2 posts one is 10m high and other is 15m higs stand 30m apart they are to be stayed by transmission wire attached to a single stake at the ground level, the wire running to the top of the post , where should stake place to used least amount of wire ?
In the above solution, the actual calculation consists of the last 4 lines, the rest explains why it works
otherwise .... CALCULUS
AP^2 = x^2 + 10^2
AP = √(x^2 + 100)
PD^2 = (30-x)^2 + 15^2
PD = √(x^2 - 60x + 1125)
L = √(x^2 + 100) + √(x^2 - 60x + 1125)
= (x^2 + 100)^(1/2) + (x^2 - 60x + 1125)^(1/2)

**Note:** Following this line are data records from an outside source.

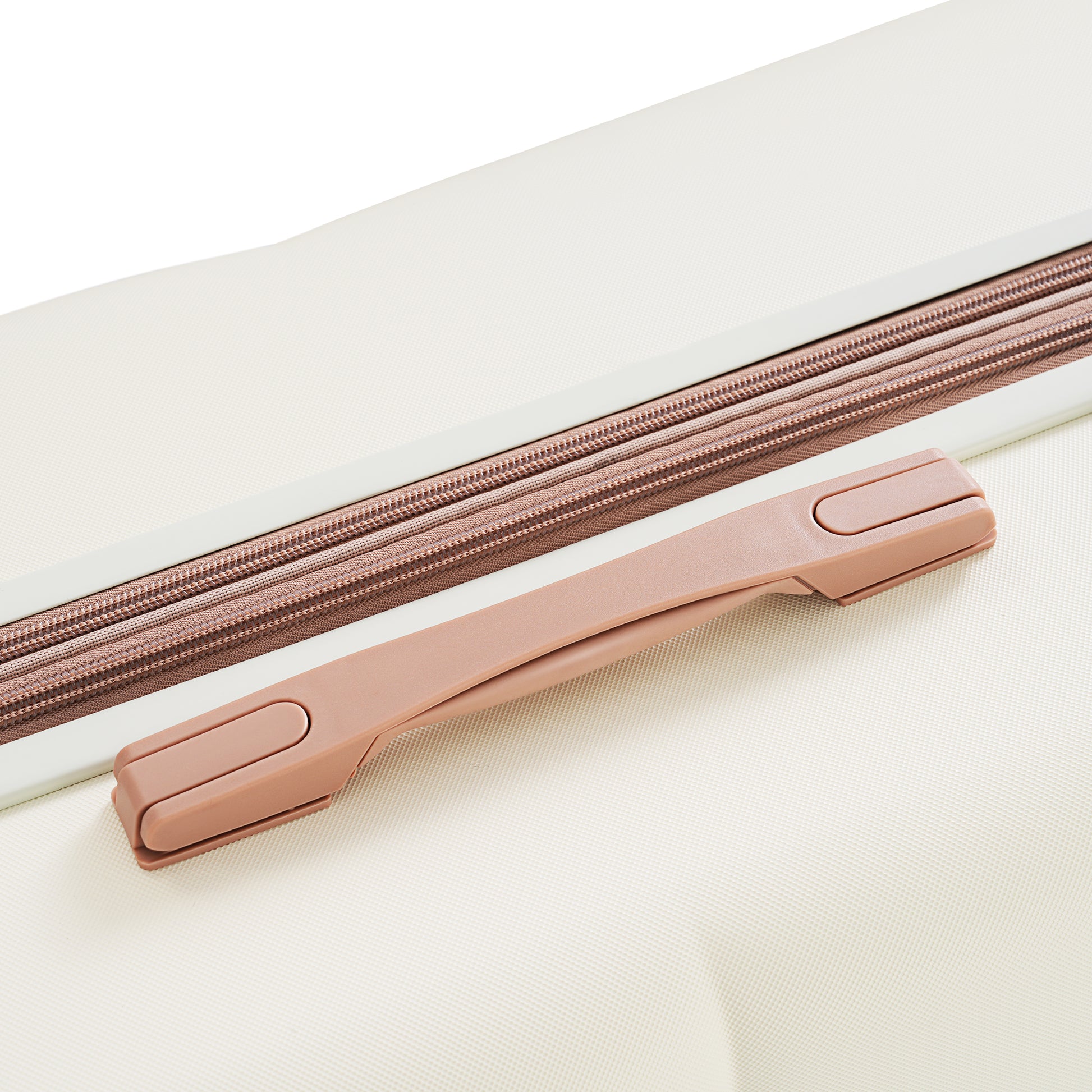 Closeup of a textured cream suitcase with a rose gold zipper and handle detail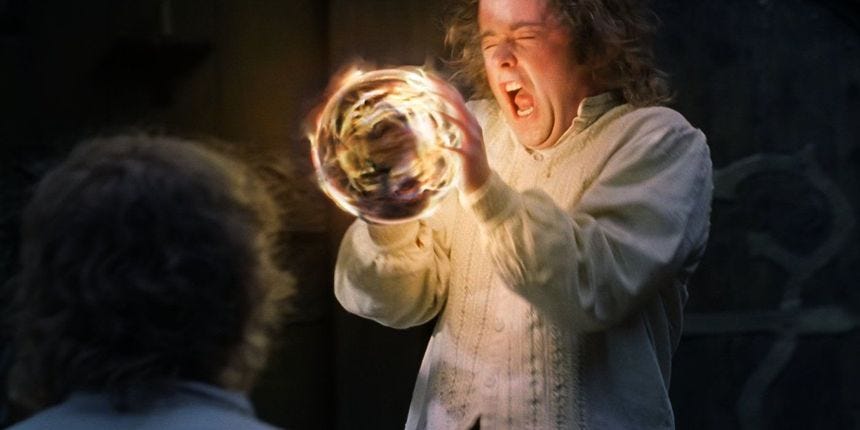 Pippin screaming while holding the Palantir in Lord of the Rings.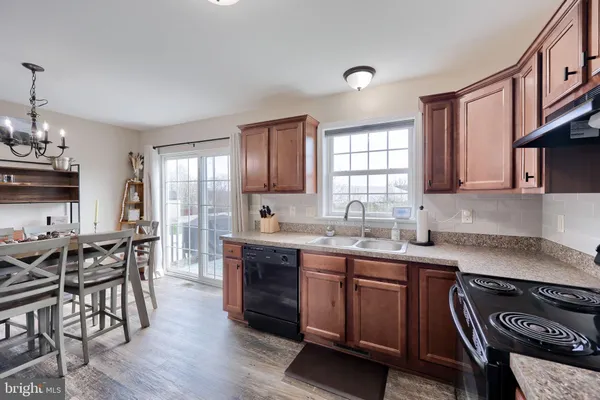 a kitchen with lots of counter top space and dining table chairs
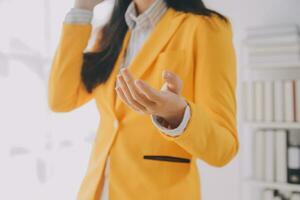 Young smiling business woman using smartphone near computer in office, copy space photo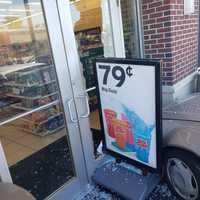 <p>The sedan pushed a sign up against the entrance, shattering a glass door.</p>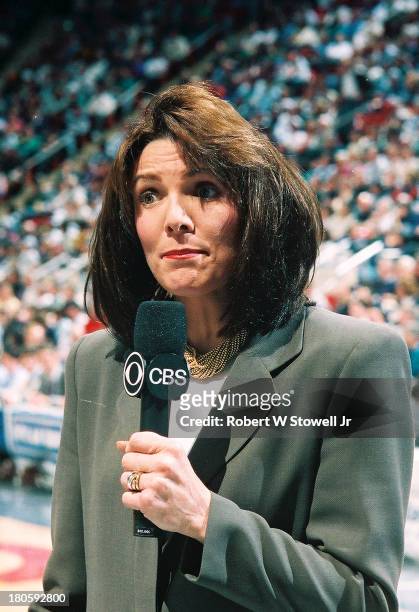 Sports' Leslie Visser reports from the sidelines of a University of Connecticut basketball game, Hartford, Connecticut, 1990.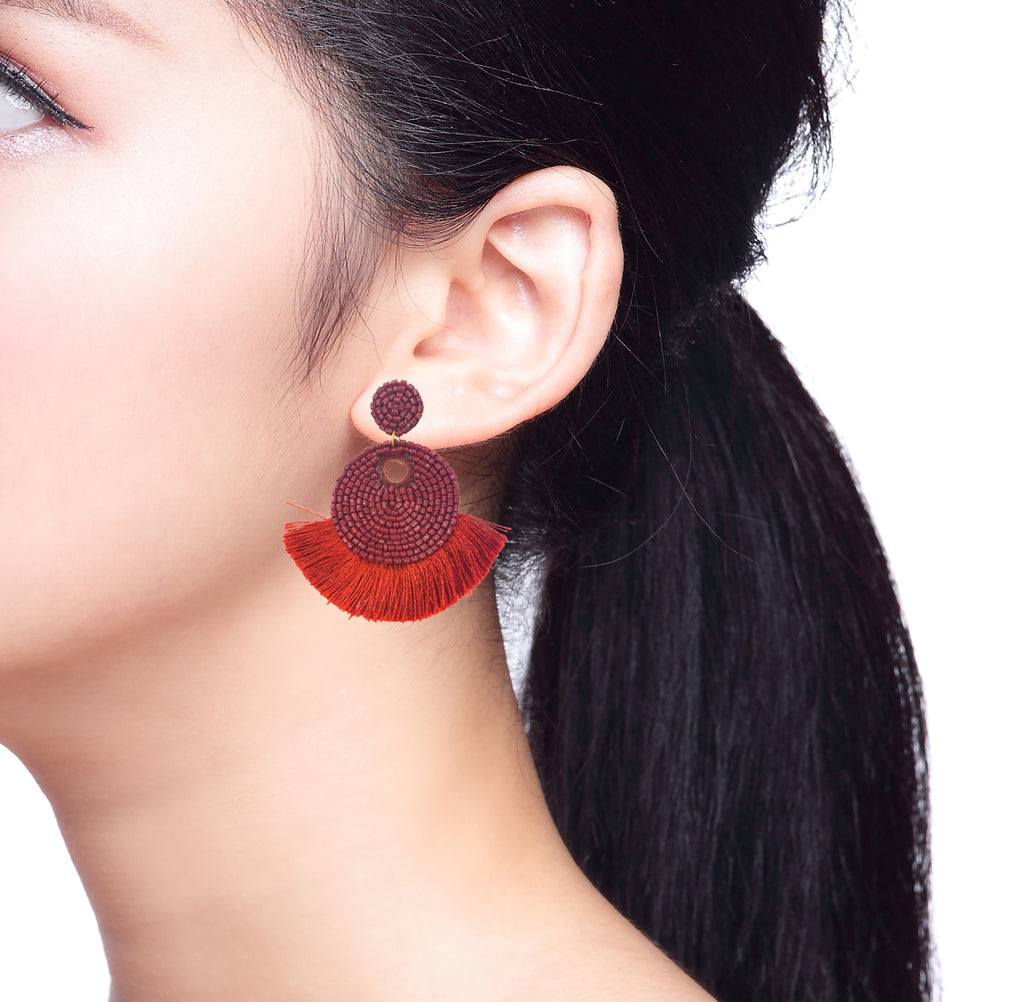 Fringe Benefits Petit Burgundy Earrings with a unique Super Freak design, lightweight and perfect for adding flair to any outfit.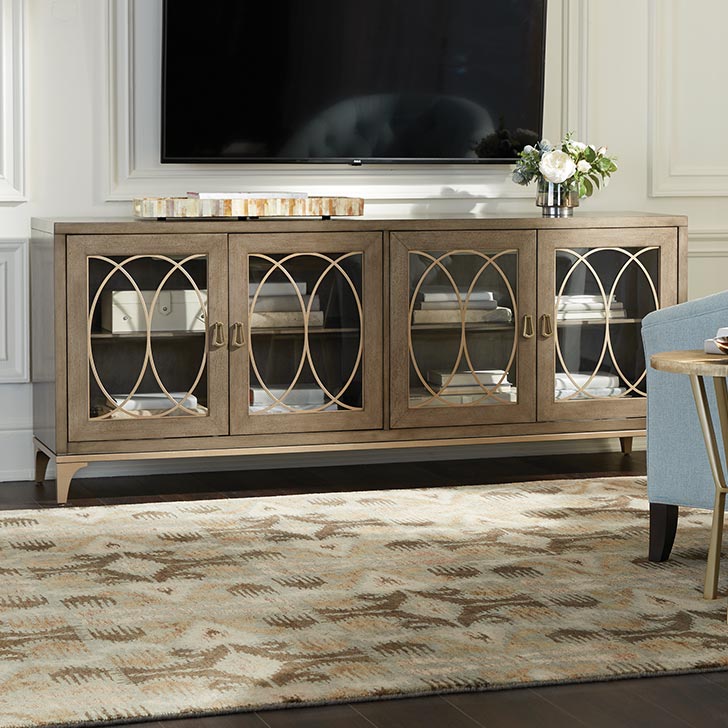 Wooden TV stand with geometric glass doors in a stylish living room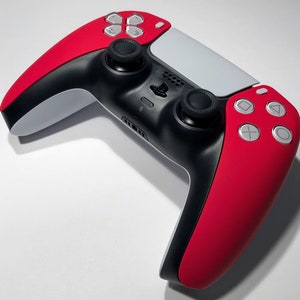 May include: A red and white PlayStation 5 DualSense controller with black buttons and a white PlayStation logo. The controller has a red and white color scheme.
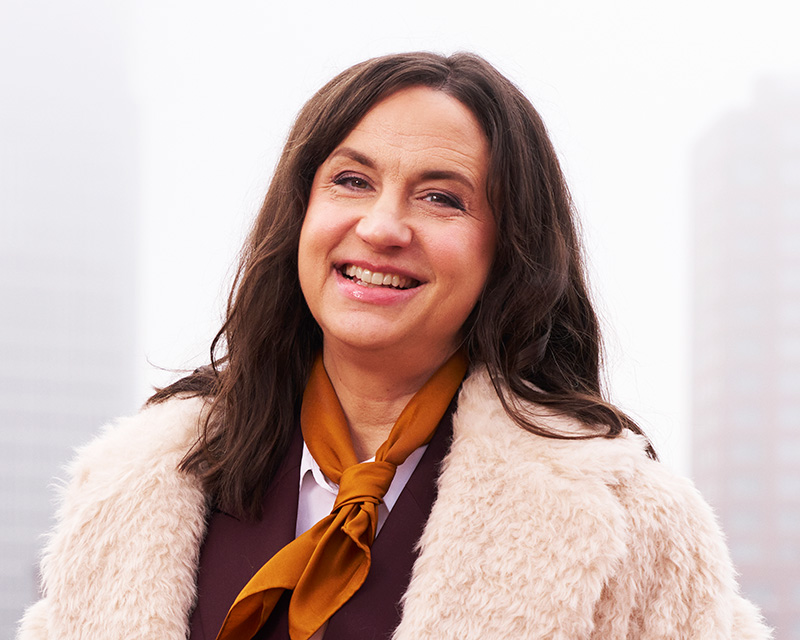 En kvinna med långt brunt hår har på sig en beige pälsjacka, en brun halsduk och en vit blus, utomhus framför byggnader.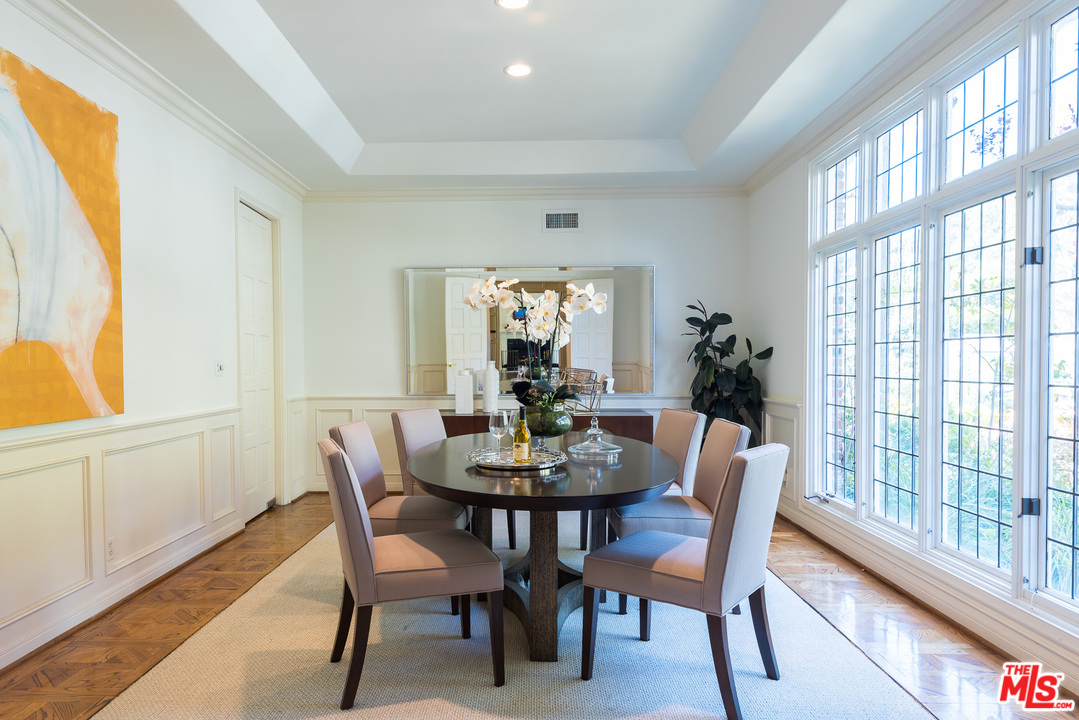1420 Moraga Drive Los Angeles, CA 90049 - Photo 7 of 38 a view of a dining room with furniture and wooden floor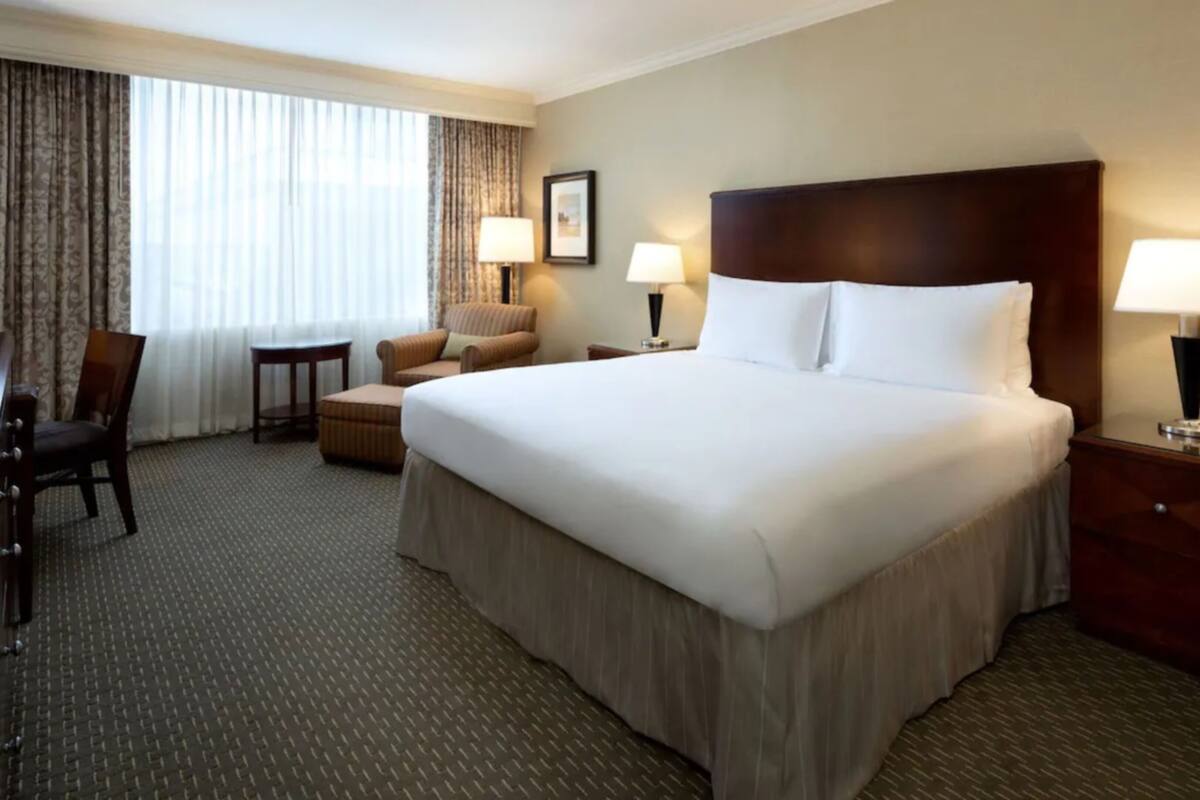 A hotel room with a large bed, two bedside tables with lamps, a chair, a small table, and a desk with a chair.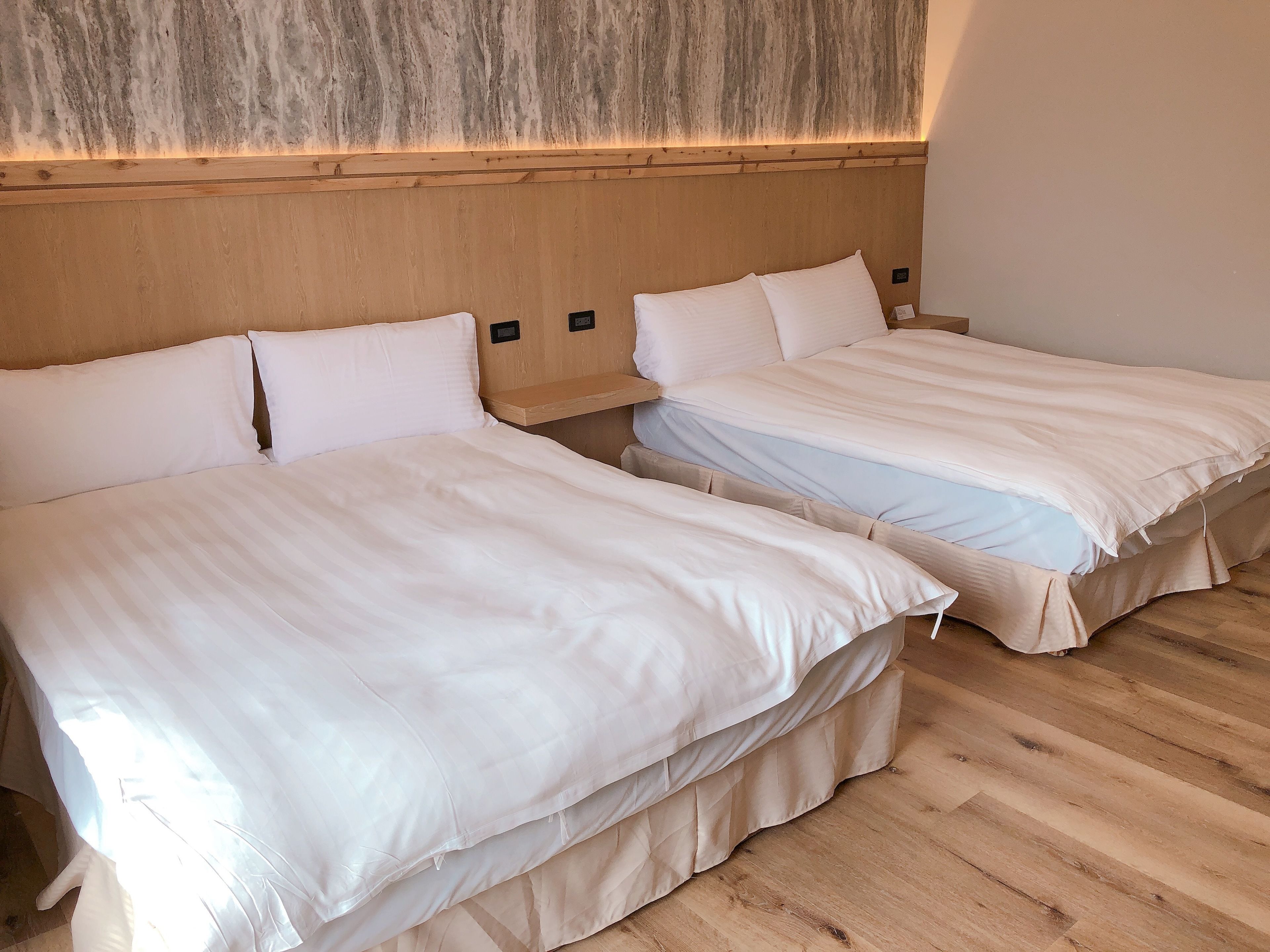 Deux lits simples avec du linge de lit blanc dans une chambre dotée d’un plancher en bois et d’un mur à texture particulière.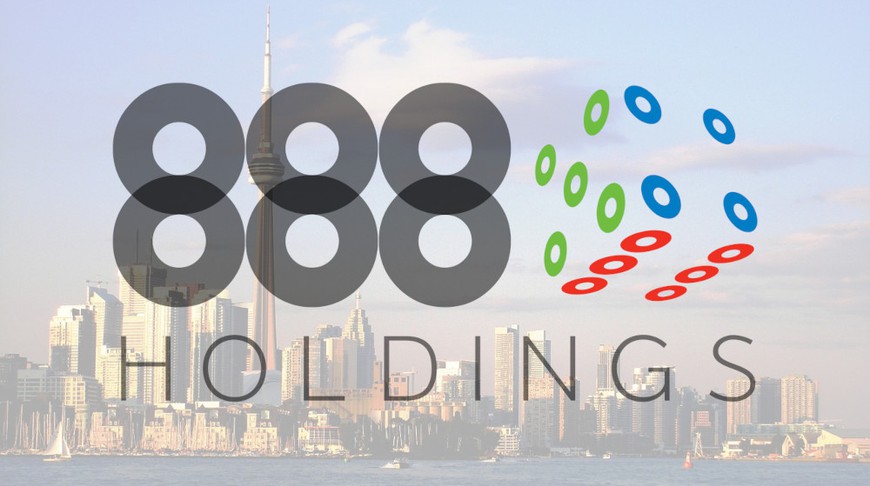 the logo for 888 Holdings Plc is seen as a transparent overlay on top of an image of the Toronto skyline. 888 has recently announced that they have secured a gaming license for Ontario and play to launch its online poker product in the provinc on April 4.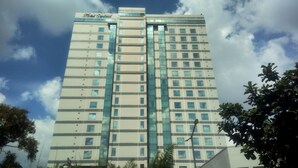 A high-rise hotel building with a modern design, featuring multiple floors and a prominent entrance. - Hotel Sentral Jakarta (Jakarta)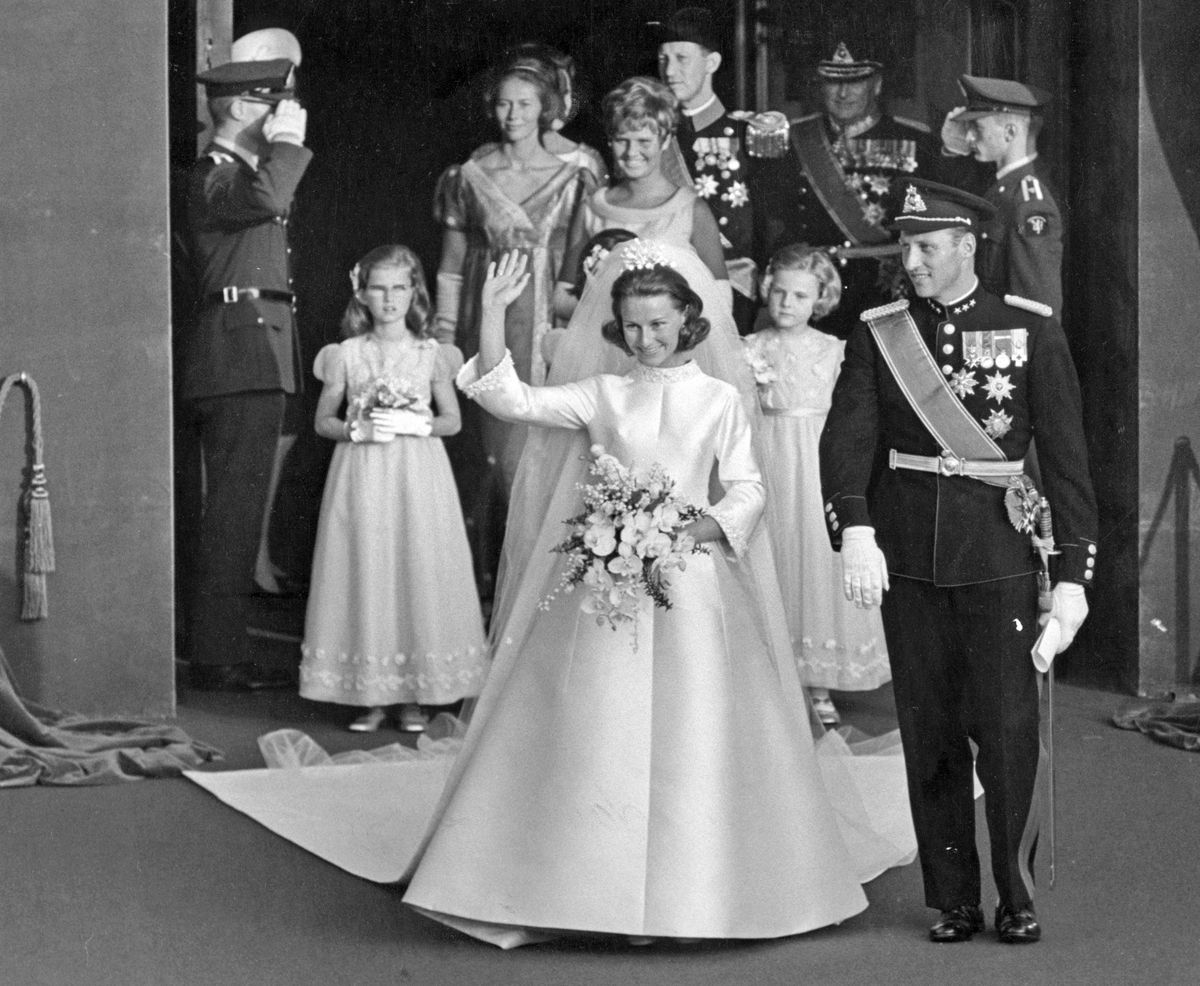 The newlyweds were greeted by cheering crowds outside Oslo Cathedral following their royal wedding in 1968.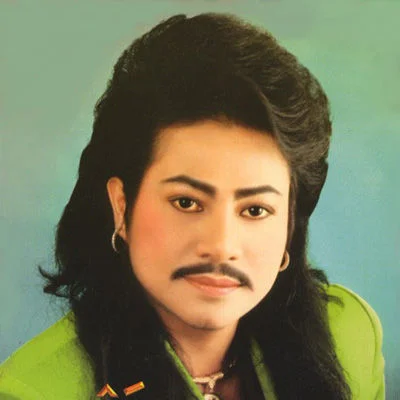 Asian Prince — Portrait of a young Asian man with a large mullet hairstyle and thin mustache wearing a green jacket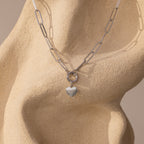 The Paperclip Heart Charm Necklace features a dainty heart pendant, elegantly displayed on a textured, abstract beige sculpture.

dL/dx = (1/2)(x^2 + 100)^(-1/2) (2x) + (1/2)(x^2 - 60x + 1125)^(-1/2) (5x - 60)
= 0 for a min of L
x/√(x^2 + 100) = -(x-30)/√(x^2 - 60x + 1125)
square both sides
x^2/(x^2 + 100) = (x^2 - 60x + 900)/(x^2 - 60x + 1125)
cross multiply
x^4 - 60x^3 + 900x^2 + 100x^2 - 6000x + 90000 = x^4 - 60x^3 + 1125x^2
125x^2 + 6000x - 90000=0
x^2 + 48x - 720 = 0
(x-12)(x+60) = 0
x = 12 or x = -60 , but x can't be negative, so
x = 12
simplest way:
draw a parallelogram ABCD, where AB = 10 (first post)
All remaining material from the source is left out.